Text of the Poem

 I went by the Druid stone
 That broods in the garden white and lone,
And I stopped and looked at the shifting shadows
 That at some moments fall thereon
 From the tree hard by with a rhythmic swing,
 And they shaped in my imagining
To the shade that a well-known head and shoulders
 Threw there when she was gardening.

 I thought her behind my back,
 Yea, her I long had learned to lack,
And I said: "I am sure you are standing behind me,
 Though how do you get into this old track?"
 And there was no sound but the fall of a leaf
 As a sad response; and to keep down grief
I would not turn my head to discover
 That there was nothing in my belief.

 Yet I wanted to look and see
 That nobody stood at the back of me;
But I thought once more: "Nay, I'll not unvision
 A shape which, somehow, there may be."
 So I went on softly from the glade,
 And left her behind me throwing her shade,
As she were indeed an apparition -
 My head unturned lest my dream should fade.


  1. The rhyme scheme in the third and final stanza—AABACCBC—is consistent throughout the poem, with the exception of line 7 in the second stanza which is unrhymed. The end rhymes in the poem are mostly perfect rhymes, such as “see”/“me”/“be” and “glade,”/“shade”/“fade” in this stanza. Sometimes the end rhymes are examples of approximate rhyme or off rhyme, such as “unvision” and “apparition” in this stanza and “shadows”/“shoulders” in the first stanza.

    — Wesley, Owl Eyes Editor
  2. An apparition is a ghostly figure or something that appears supernaturally.

    — Wesley, Owl Eyes Editor
  3. Hardy coins the word “unvision” to mean literally “unsee.” In the poem’s context, it also has a figurative meaning: to destroy the vision of Emma he imagined or experienced in the garden.

    — Wesley, Owl Eyes Editor
  4. By refusing to look behind him, Hardy keeps alive the possibility that Emma is with him and spares himself the grief of discovering that she is not there.

    — Wesley, Owl Eyes Editor
  5. Until this point in the poem, Hardy’s emotional state has only been implied. Here he expresses it as one of sadness and grief, suggesting his feelings of despair regarding Emma’s death.

    — Wesley, Owl Eyes Editor
  6. Hardy now actively engages in his imaginary reunion with Emma, thinking she is standing behind him and speaking to her directly as he tries to understand how she could now appear in “this old track,” a reference to the path through the garden.
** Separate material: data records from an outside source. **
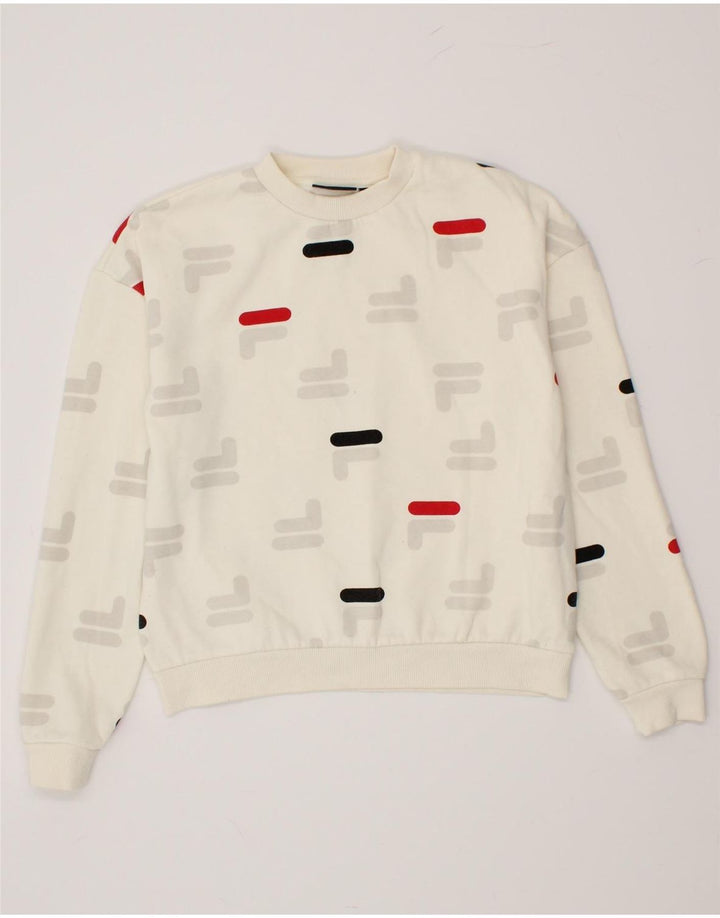 FILA Womens Graphic Sweatshirt Jumper UK 10 Small Off White Polyester Vintage Fila and Second-Hand Fila from Messina Hembry 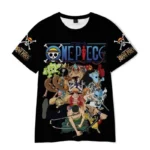 Kids One Piece Sports T-Shirt Summer Luffy Red Hawk Print Breathable Short Sleeve
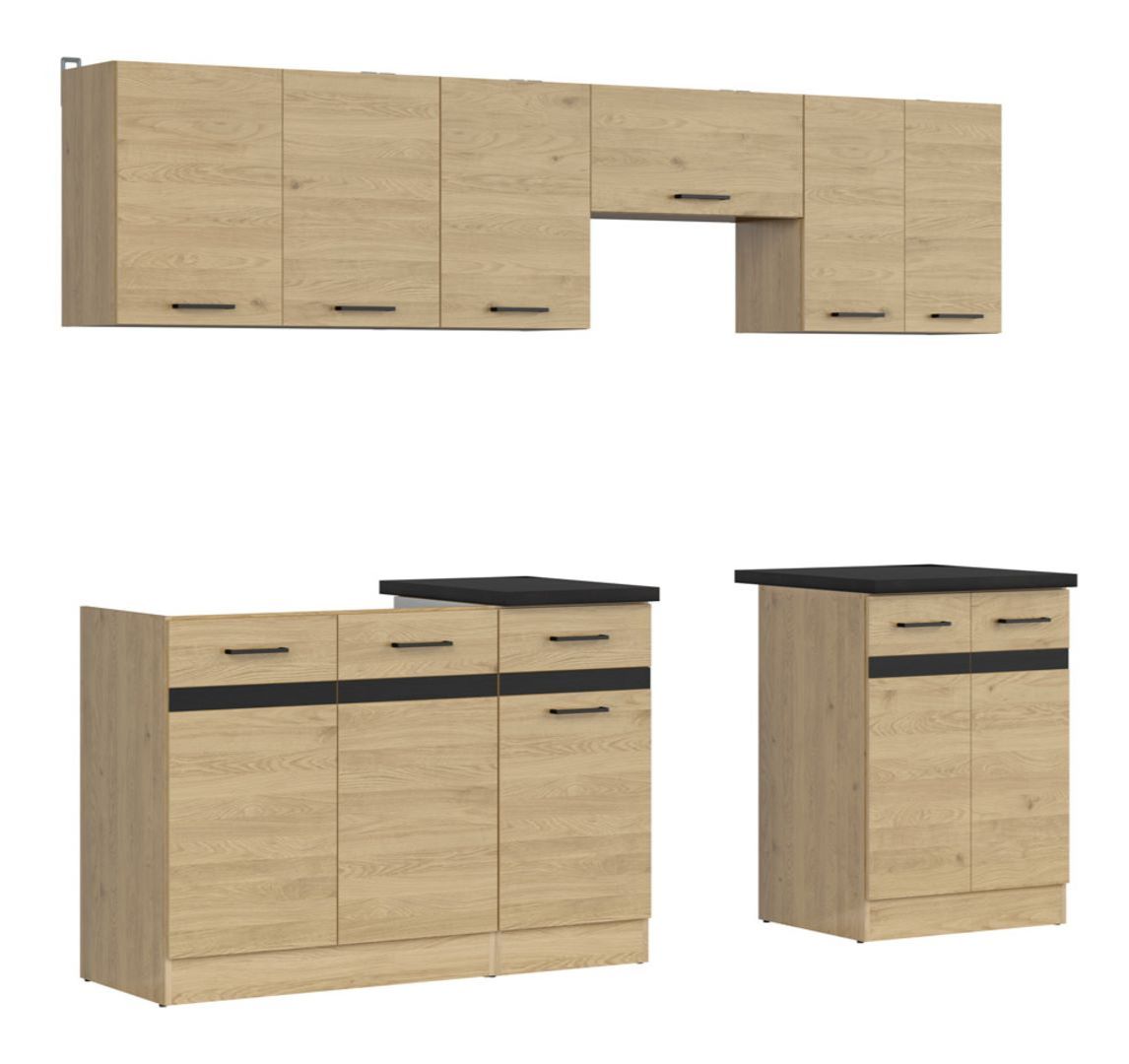 Virtuves komplekts ar darba virsmu 240 cm JUNONA LINE Bernstein ozols/metālisks melnzelta šīferis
    — Wesley, Owl Eyes Editor
  7. Even as Hardy is drawn deeper into imagining Emma’s presence, he acknowledges her having died. The alliteration of the “L” sound in “long,” “learned,” and “lack” unites the three words, suggesting that he has lived without her for some time and that living without her had been difficult, something he had to learn how to do.

    — Wesley, Owl Eyes Editor
  8. The key word in this passage is “imagining.” From his memories of watching Emma work in the garden, Hardy see her shadow in the shadows on the stone cast by the nearby tree. His imagining that he sees Emma’s shadow provides further insight into his emotional state; he sees what he wants to see in the shadows.

    — Wesley, Owl Eyes Editor
  9. In the context of this line, “hard by” means near or nearby.

    — Wesley, Owl Eyes Editor
  10. With this line the focus of the poem changes from the stone to the shadows on the stone; the focus shifts simultaneously with the shadows shifting on it. The alliteration of the “S” sound emphasizes the dynamic in the line and in the poem. The repetition of the alliteration in the following lines (“some,” “swing,” “shaped,” “shade,” “shoulders”) unifies the stanza, leading to the final and most important alliterative word: “she.” “She” refers to Emma, the subject of Hardy’s meditation.

    — Wesley, Owl Eyes Editor
  11. To brood means to dwell on a subject while in an anxious or gloomy state of mind. With the word “broods,” Hardy personifies the stone, ascribing to it his own depressed emotional state.

    — Wesley, Owl Eyes Editor
  12. The poem begins with the description of an ancient stone in the garden at Max Gate. After moving into the house, Hardy discovered the large block of stone buried in the garden and arranged for it to be excavated, revealing charred human bones and ashes. Historical evidence to the contrary, Hardy chose to believe that the stone was the site of human sacrifices performed by Druids, priests of the Celtic tribes in Britain at the time of the Roman conquest.